Un oficial viene a nuestro encuentro. Escruta al francés con mirada de microscopio y le espeta con demoledora ironía:

—¿Y vos vení hacer turismo?

El galo despliega una mueca y contesta:

—Usted a lo suyo, yo hago lo mío…

Respira profundo. Vuelve a la carga con un comentario visceral con las erres bien arrastradas de su español afrancesado:

—Si me fueran a dar grados militares por participación en guerras, yo fuera su jefe, y por eso dicho por usted, por lo menos, lo hubiera mandado a limpiar letrinas, compagnon.
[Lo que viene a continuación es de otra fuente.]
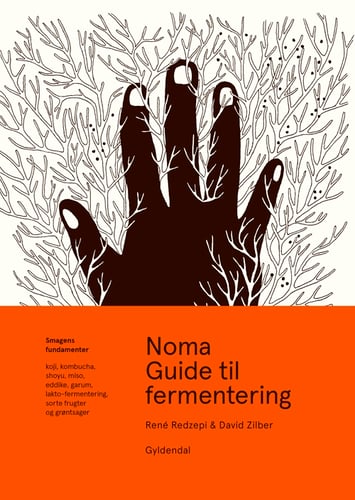 Noma Guide til fermentering_1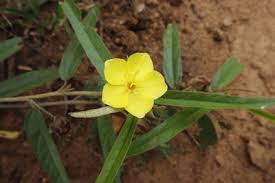 Image result for Melhania prostrata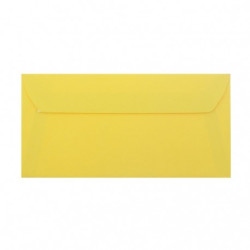 PLIC DL COLOR SILICONIC DACO PC12G GALBEN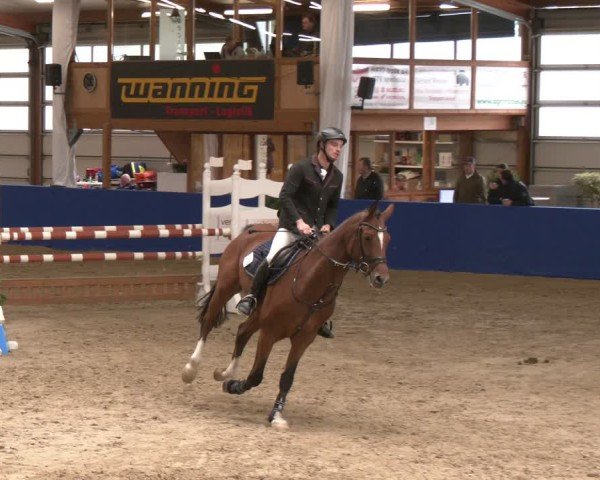 Reitturnier Isterberg 2024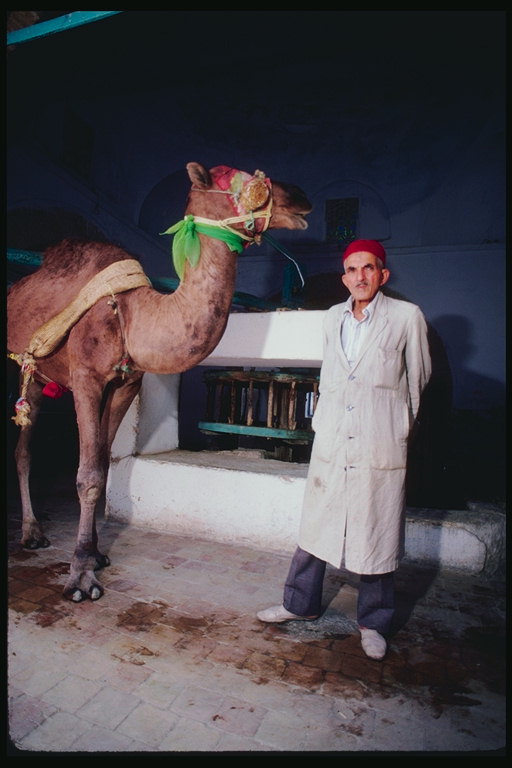 Верблюд с салатовым платком на шее
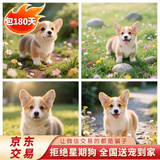 馨萌宣纯种柯基幼犬活体宠物狗狗双色三色小短腿威尔士柯基 宠物级 随机发货 公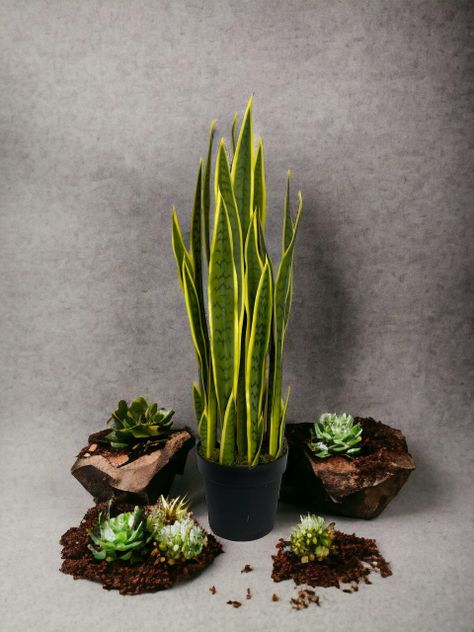 PLANTA DECORATIVA COREL SANSEVIERA VERDE - AMARILLA 90CM-3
Para no dejar dudas, le echa en cara su currículo bélico a lo largo de la guerra del Sinaí, el Líbano y Vietnam. Al terminar, media compañía ha escuchado la disertación como niños atentos a un cuento de aventuras.

Por separado, el fotorreportero y yo habíamos obtenido información sobre la preparación de una acción de envergadura hacia la zona norte limítrofe con Honduras por la inhóspita región del río Amaka. Para participar debíamos estar en el teatro de operaciones militares, pues las tropas del Frente Norte se moverían en función de ello. De ahí la insistencia con la jefatura de Relaciones Públicas por estar en cualquier punto del escenario de las probables acciones combativas. Este inesperado viaje nos venía como anillo al dedo.
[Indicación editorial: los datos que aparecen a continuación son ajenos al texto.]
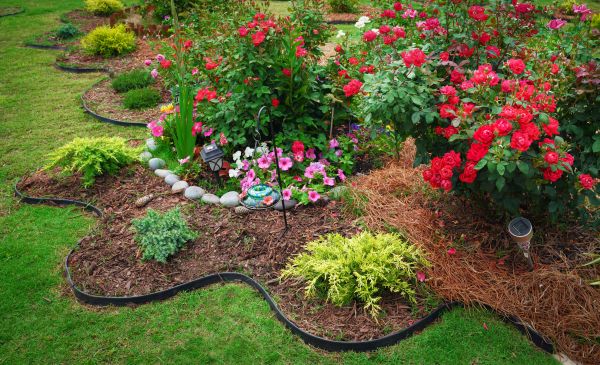 Floral Landscaping in Mesa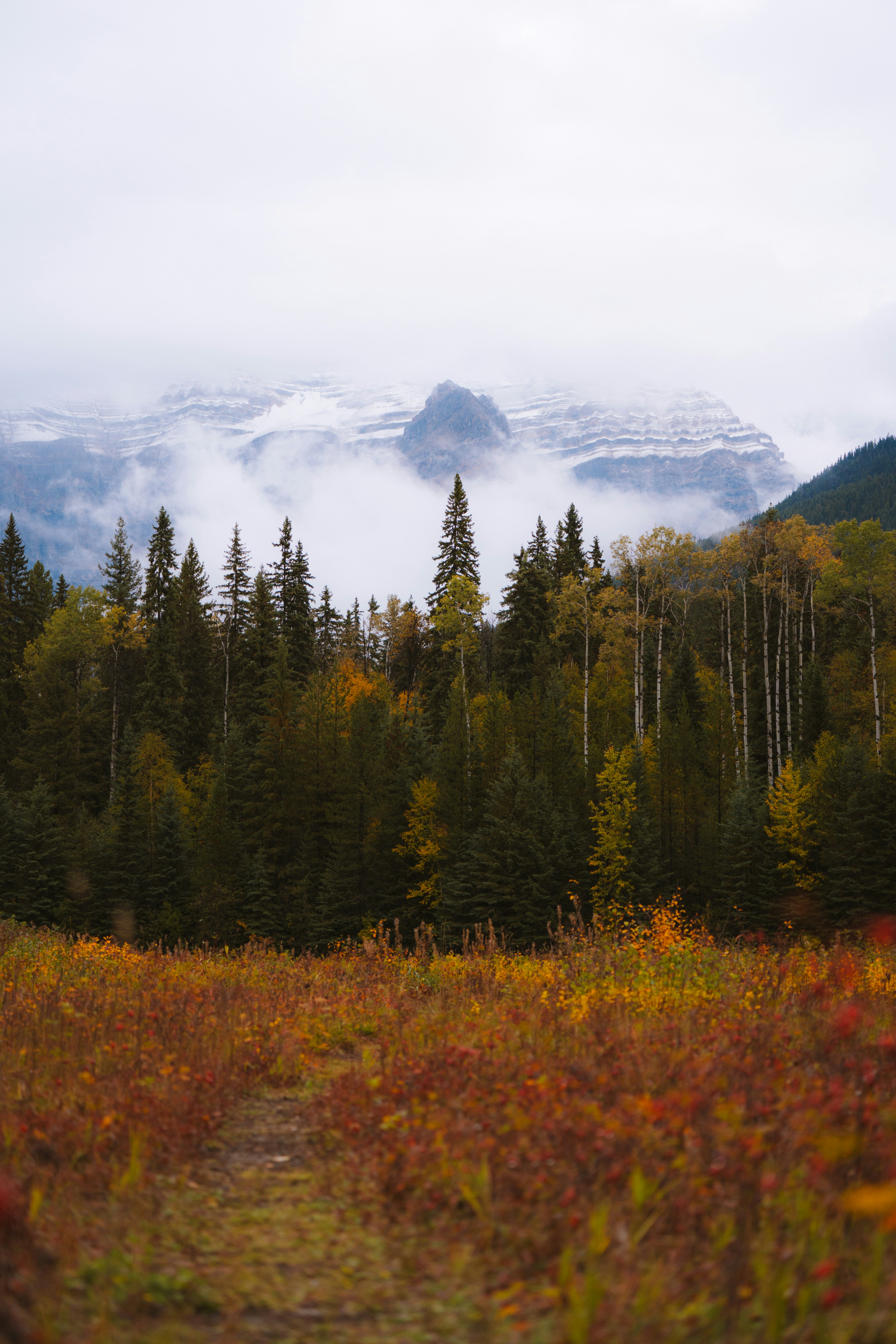 Photo by bylukemiller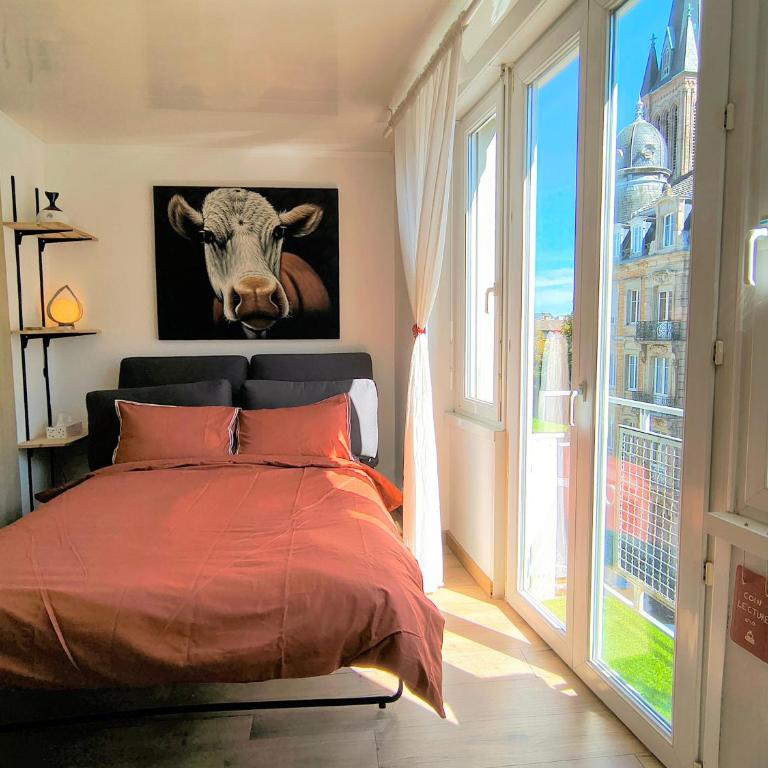 Studio Centre Historique gare 500m - Apartamento Superior de 1 dormitorio con balcón - 2
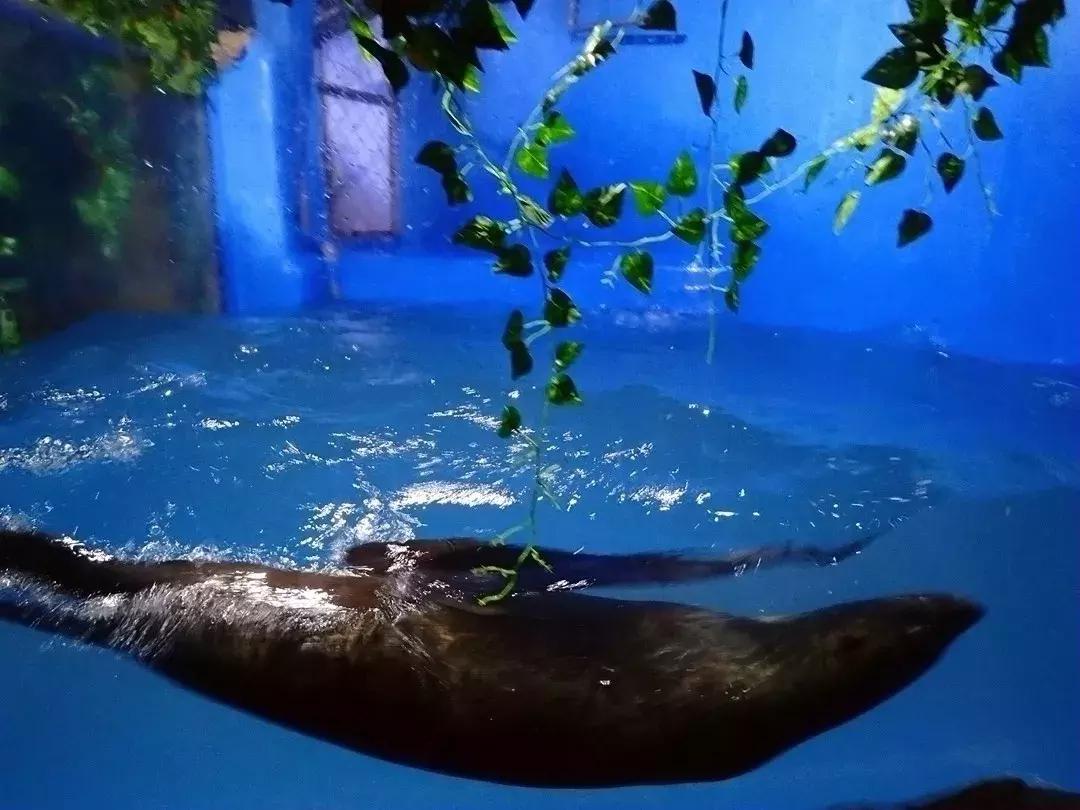 海底世界乐高大颗粒简单版,富国游海底世界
Cuando un periodista cubre un conflicto bélico no puede quedarse en la retaguardia, necesita penetrarlo hasta el borde delantero para conocerlo en profundidad; en otras palabras, vivir, sentir y sufrir la guerra. Es, tal vez, la mejor manera de llegar a las esencias de lo que nunca debió suceder, de conocer y compartir, en alguna medida, con los héroes y las víctimas el pan duro y amargo de la barbarie. Lo demás resulta falso, hipócrita.

Pierre y yo somos designados a una de las unidades combativas. Un oficial de apenas veintitantos años se presenta cuadrándose ante nosotros:

—¡Teniente Blandón, jefe de compañía! —Con solemnidad hace una pregunta devenida definición de principios—: ¿Desean usar nuestro uniforme o permanecer así?

Pierre opta por la imparcialidad al seguir con su ropa de civil. A la espalda, en su chaleco, aparece inscripto: «Prensa ¡No dispare!», con el signo de la Cruz Roja. Recordé en ese instante a la monja que aconsejó durante una manifestación en San Salvador no usar esa indumentaria, pues convertía a los periodistas en blanco identificable para los militares y los escuadrones de la muerte. Entonces ella dijo con seguridad estremecedora: «¡Eso Dios no me lo dijo, lo he visto con mis propios ojos!»